▸ Dataset content:
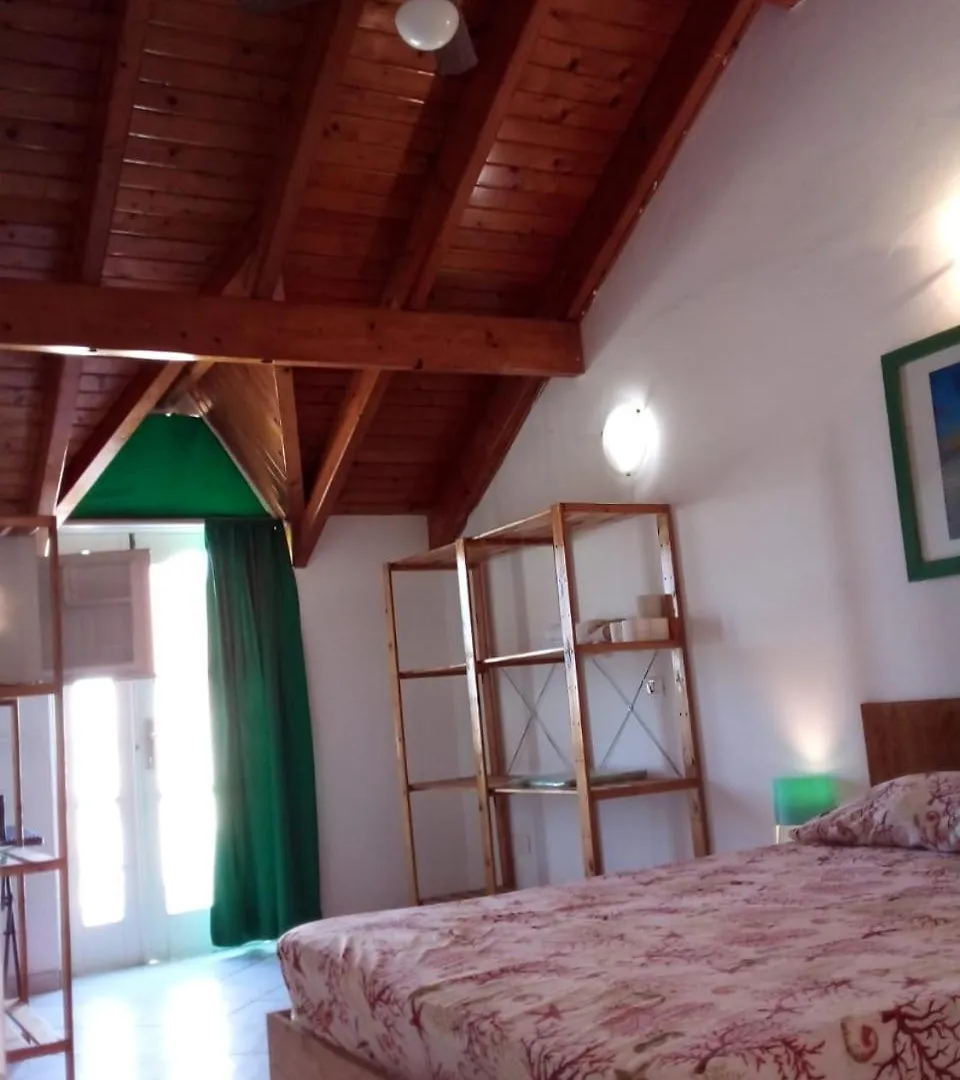 Hostels Holiday Cape Verde Santa Maria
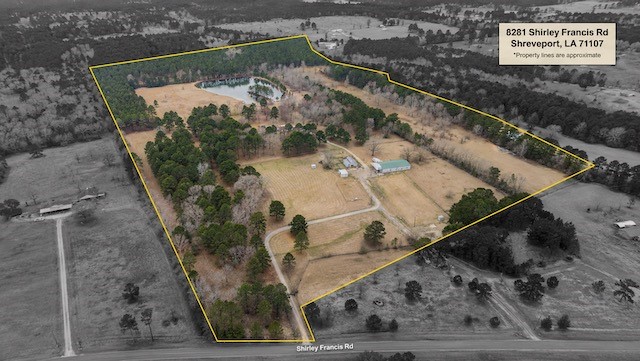 8281 Shirley Francis Road Shreveport LA 71129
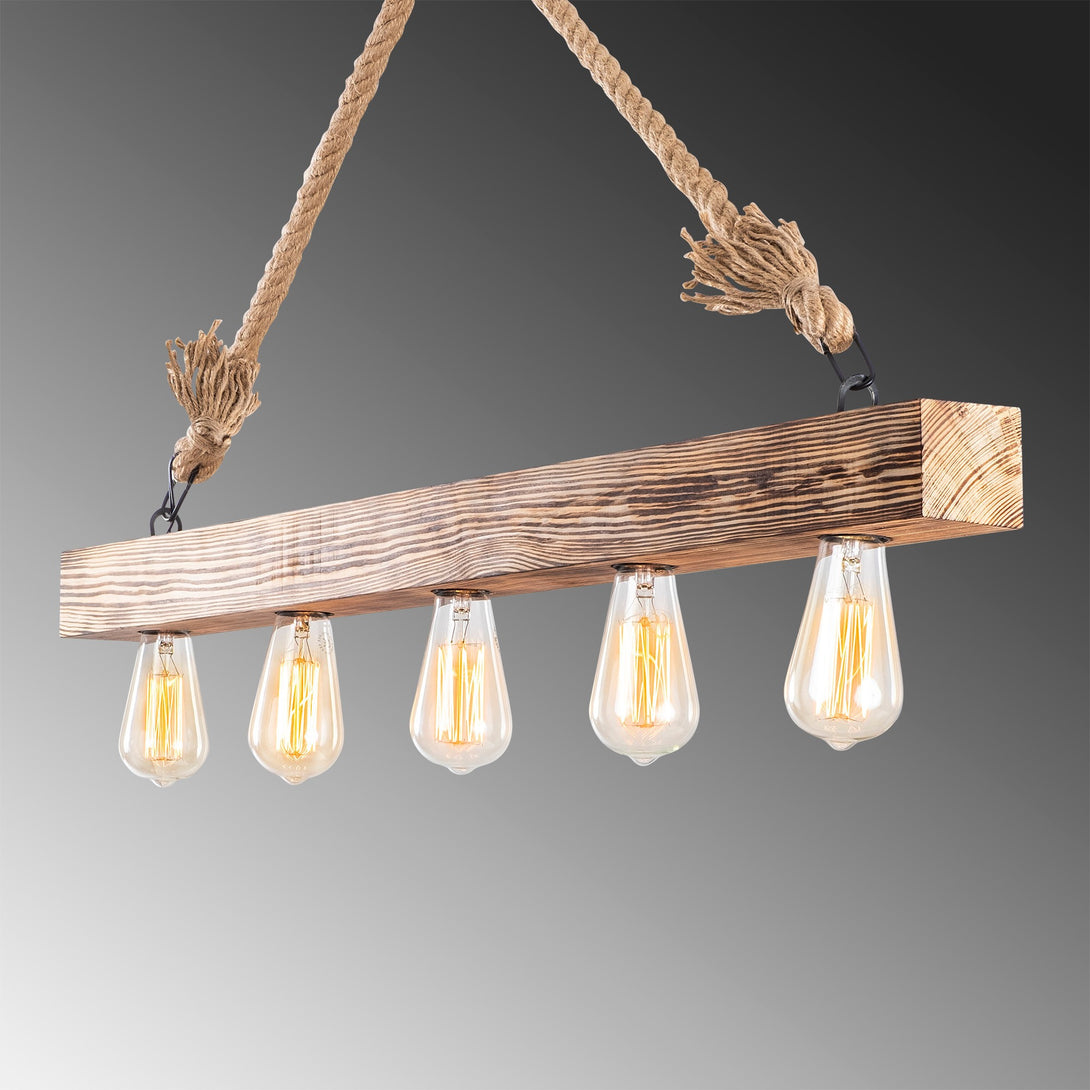 Závěsná lampa, Erebos - 106-AV-Mennyezeti Lámpa-Vashome.cz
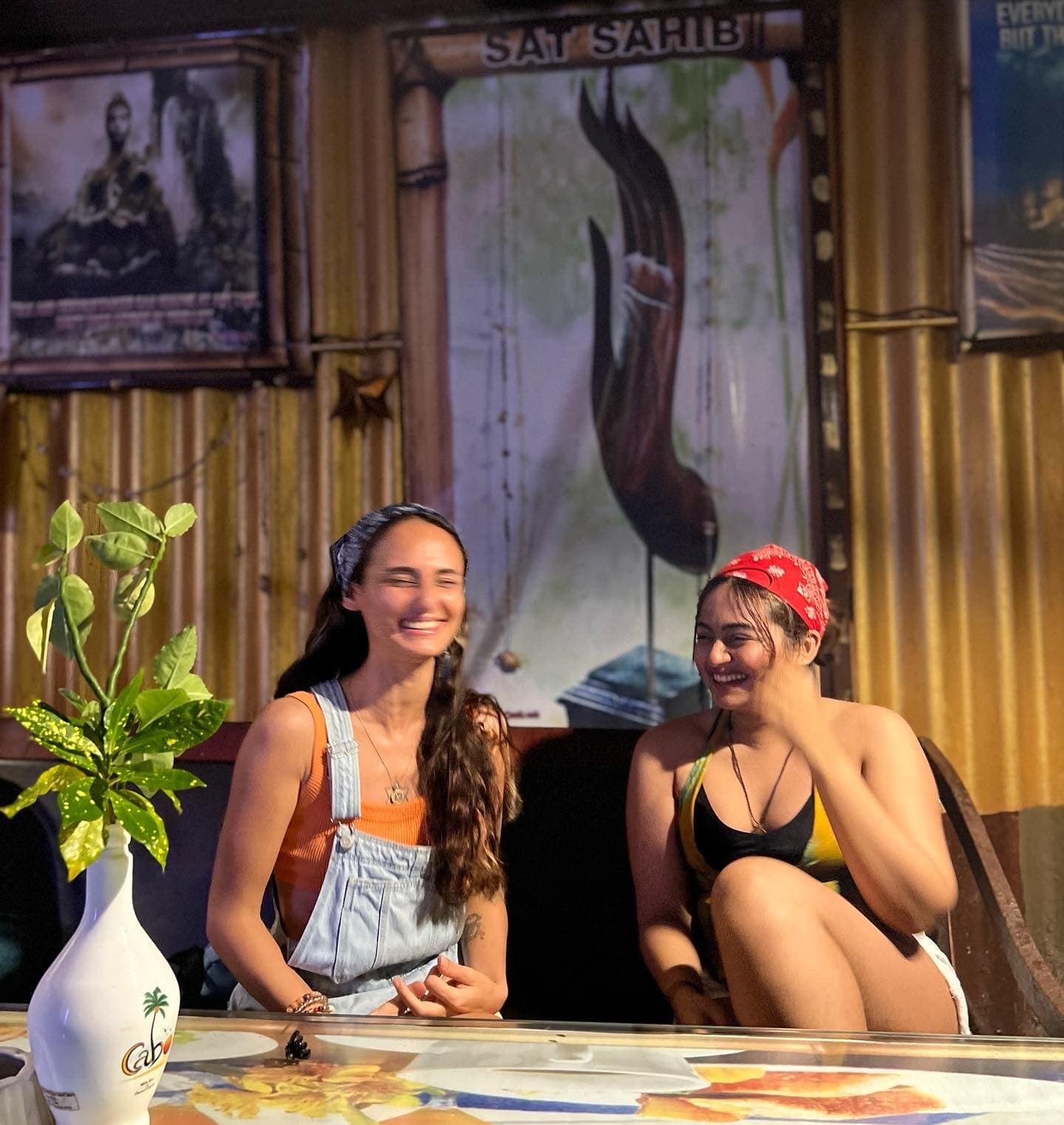 ഗോവയില്‍ അടിച്ചുപൊളിയാണല്ലേ...എന്‍ജോയ്, ഷാലിന്റെ ഏറ്റവും പുതിയ ചിത്രങ്ങള്‍ വൈറല്‍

▸ Problem description: The listing above is to be retyped word for word, with the pictures omitted.

▸ Result of this exercise:
 Hostels Holiday Cape Verde Santa Maria
 8281 Shirley Francis Road Shreveport LA 71129
 Závěsná lampa, Erebos - 106-AV-Mennyezeti Lámpa-Vashome.cz
 ഗോവയില്‍ അടിച്ചുപൊളിയാണല്ലേ...എന്‍ജോയ്, ഷാലിന്റെ ഏറ്റവും പുതിയ ചിത്രങ്ങള്‍ വൈറല്‍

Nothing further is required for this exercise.